Siempre se aprende una nueva. Pero no he entendido bien qué tiene que ver:
¿no querrá venirme a decir que Tiresias es usted?” No me esperaba un ataque directo. Le he explicado a Faussone que uno de los grandes privilegios de quien escribe es estar sobre lo vago y lo impreciso, decir y no decir, inventar a mansalva, fuera de toda regla de prudencia. Así pues, sobre las torres que inventamos nosotros no pasan los cables de alta tensión, si colapsan no muere ninguno, y no deben tampoco resistir al viento. Somos en suma irresponsables, y no se ha visto jamás que un escritor sea sometido a proceso o termine en la cárcel porque sus estructuras se deshagan. Pero le he dicho también que si, que quizás me di cuenta solo relatándole aquella historia, un poco Tiresias me sentía, y no solo por la doble experiencia: en tiempos lejanos yo también me había chocado con los dioses en lucha entre ellos; yo también me había encontrado las serpientes en mi camino, y aquel encuentro me había hecho mudar de condición donándome un extraño poder en la palabra. Pero desde entonces, siendo un químico para los ojos del mundo, y sintiendo en cambio sangre de escritor en las venas, me parecía tener dos almas en el cuerpo, que ya es mucho. Y que no se pusiera a delirar porque toda esta comparación era muy forzada: trabajar al límite de la tolerancia, o aún fuera, mas allá de la tolerancia, era lo hermoso de nuestro oficio. Nosotros, al contrario de los armadores de torres, cuando conseguimos forzar una resistencia, hacer un acople imposible, quedamos contentos y somos alabados.

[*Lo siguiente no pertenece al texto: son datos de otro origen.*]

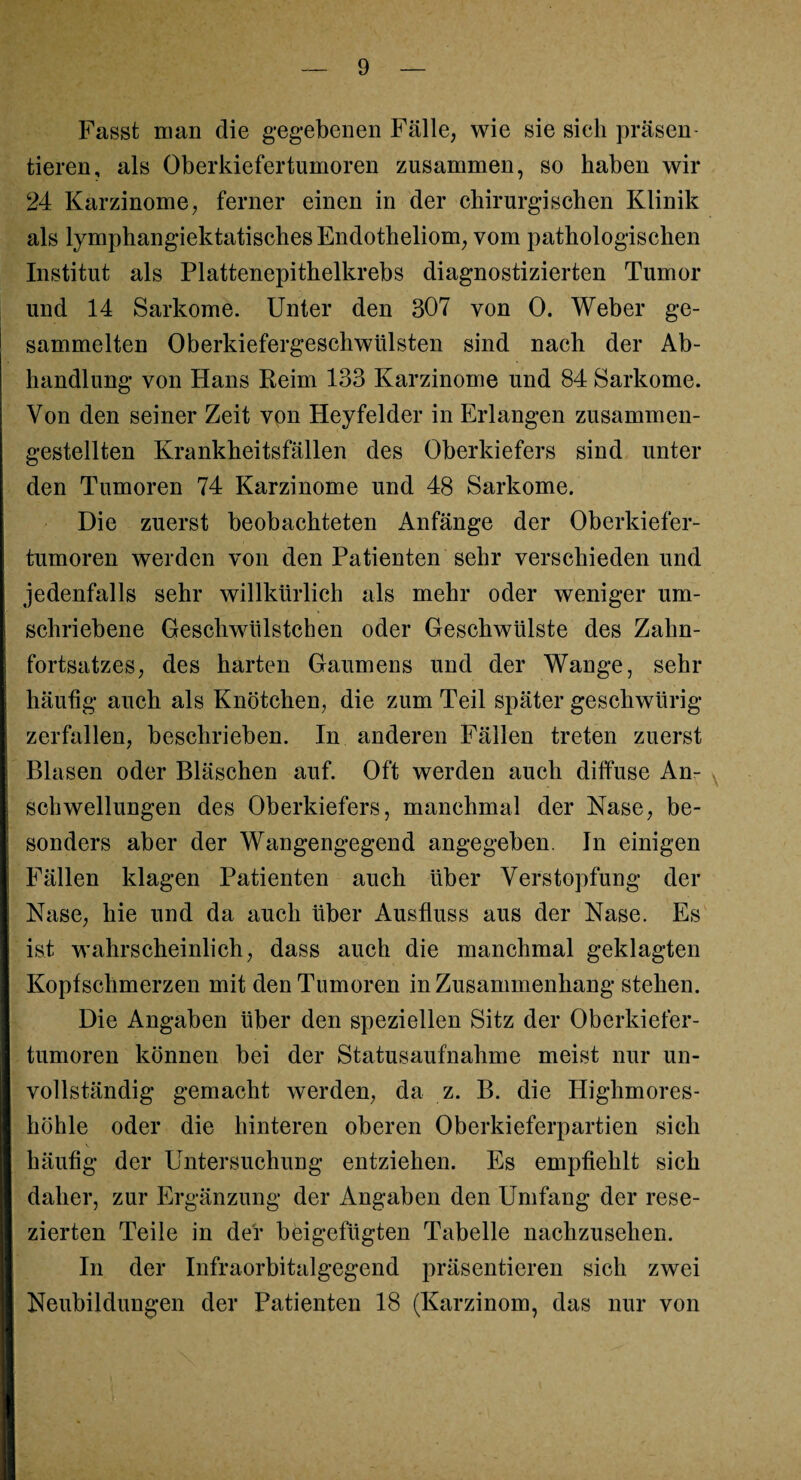 Fasst man die gegebenen Fälle, wie sie sieh präsen¬ tieren, als Oberkiefertumoren zusammen, so haben wir 24 Karzinome, ferner einen in der chirurgischen Klinik als lymphangiektatisches Endotheliom, vom pathologischen Institut als Plattenepithelkrebs diagnostizierten Tumor und 14 Sarkome. Unter den 307 von 0. Weber ge¬ sammelten Oberkiefergeschwülsten sind nach der Ab¬ handlung von Hans Reim 133 Karzinome und 84 Sarkome. Von den seiner Zeit von Heyfelder in Erlangen zusammen¬ gestellten Krankheitsfällen des Oberkiefers sind unter den Tumoren 74 Karzinome und 48 Sarkome. Die zuerst beobachteten Anfänge der Oberkiefer¬ tumoren werden von den Patienten sehr verschieden und jedenfalls sehr willkürlich als mehr oder weniger um¬ schriebene Geschwülstchen oder Geschwülste des Zahn¬ fortsatzes, des harten Gaumens und der Wange, sehr häufig auch als Knötchen, die zum Teil später geschwürig zerfallen, beschrieben. In anderen Fällen treten zuerst Blasen oder Bläschen auf. Oft werden auch diffuse An¬ schwellungen des Oberkiefers, manchmal der Nase, be¬ sonders aber der Wangengegend angegeben. In einigen Fällen klagen Patienten auch über Verstopfung der Nase, hie und da auch über Ausfluss aus der Nase. Es ist wahrscheinlich, dass auch die manchmal geklagten Kopfschmerzen mit den Tumoren in Zusammenhang stehen. Die Angaben über den speziellen Sitz der Oberkiefer¬ tumoren können bei der Statusaufnahme meist nur un¬ vollständig gemacht werden, da z. B. die Higlimores- höhle oder die hinteren oberen Oberkieferpartien sich häufig der Untersuchung entziehen. Es empfiehlt sich daher, zur Ergänzung der Angaben den Umfang der rese¬ zierten Teile in der beigefügten Tabelle nachzusehen. In der Infraorbitalgegend präsentieren sich zwei Neubildungen der Patienten 18 (Karzinom, das nur von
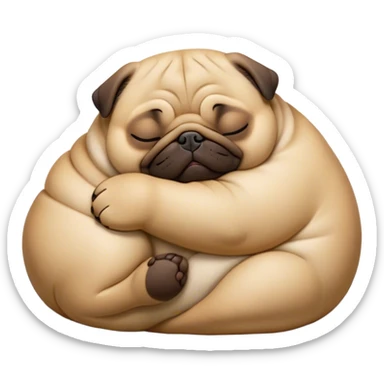 Cinematic Meme-Worthy Chubby Sleeping Fawn Pug Portrait Emoji, Head resting peacefully with a contented smile, showcasing a delightfully chubby build and a luxuriously soft fawn coat, eyes shut in a serene nap, Simplified yet hilariously adorable features, highly detailed, glowing with a soft, drowsy light, high shine, relaxed and utterly lovable, stylized with an air of playful laziness, bright and heartwarming, soft glowing outline, capturing the essence of a comically sleepy companion, so meme-worthy it feels like it could instantly become the next viral sensation of adorable slumber! sticker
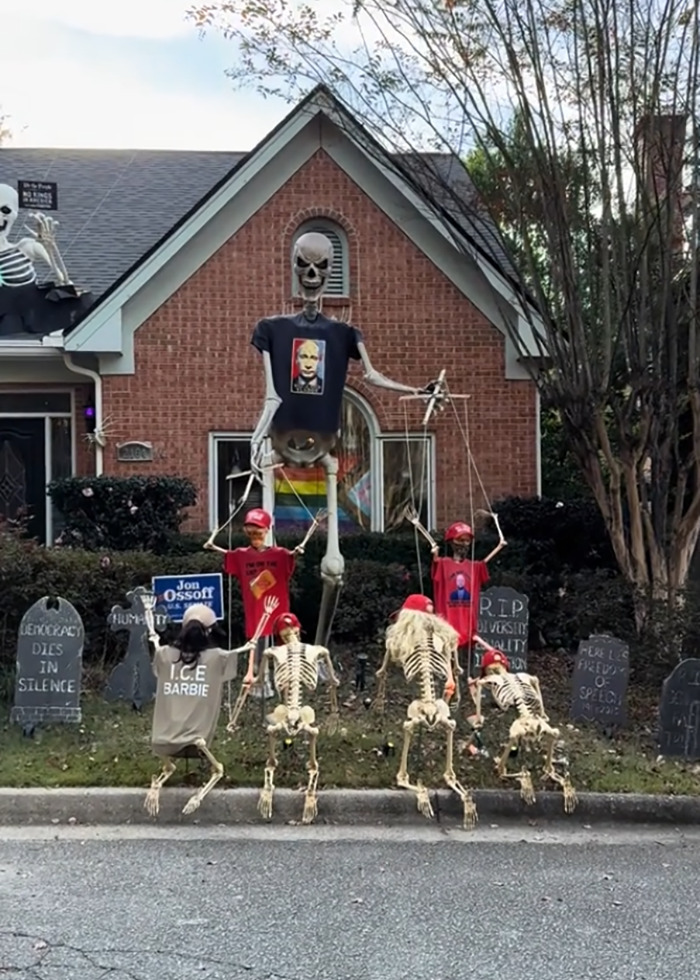 Anti-MAGA Halloween Display Goes Viral For Its Dark Humor And Satire Anti-MAGA Halloween Display Goes Viral For Its Dark Humor And Satire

Faussone, a quién en otras tardes le he contado mis historias, no ha presentado objeciones ni ha hecho otras preguntas, y por lo demás ya la hora era muy avanzada para llegar al fondo de la cuestión. Es mas, afirmado en mi condición de experto en ambos dioses, y no obstante él estuviese visiblemente soñoliento, he tratado de aclararle que nuestros tres oficios en total, los dos míos y el suyo, en los días buenos pueden traer la plenitud. El suyo, y el oficio químico que se le asemeja, porque enseñan a ser enteros, a pensar con las manos y con todo el cuerpo, a no rendirse ante jornadas adversas ni a fórmulas que no se entienden, porque se entienden después por el camino; y enseñan en fin a conocer la materia y a tenerla en la cabeza. El oficio de escribir, porque concede
(raramente, pero concede) algún momento de creación, como cuando en un circuito apagado de pronto pasa corriente, y entonces una lámpara se enciende o un inducido se pone en movimiento.
Quedamos de acuerdo sobre cuanto de bueno tenemos en común. Sobre la ventaja de poder medirse, de no depender de otros al medirse, del espejarse en la propia obra. Sobre el placer de ver crecer tu criatura, plancha sobre plancha, bulón tras bulón, sólida, necesaria, simétrica y adaptada a su objetivo, y después de terminada la contemplas y piensas que tal vez vivirá mas que tu, y quizás servirá a alguien que tu no conoces y que no te conoce.
Ojalá pudieras volver a mirarla de viejo, y te parezca hermosa, pues no importa tanto que te parezca hermosa solo a ti, y podrás decirte a ti mismo: “tal vez otro no lo hubiera logrado”.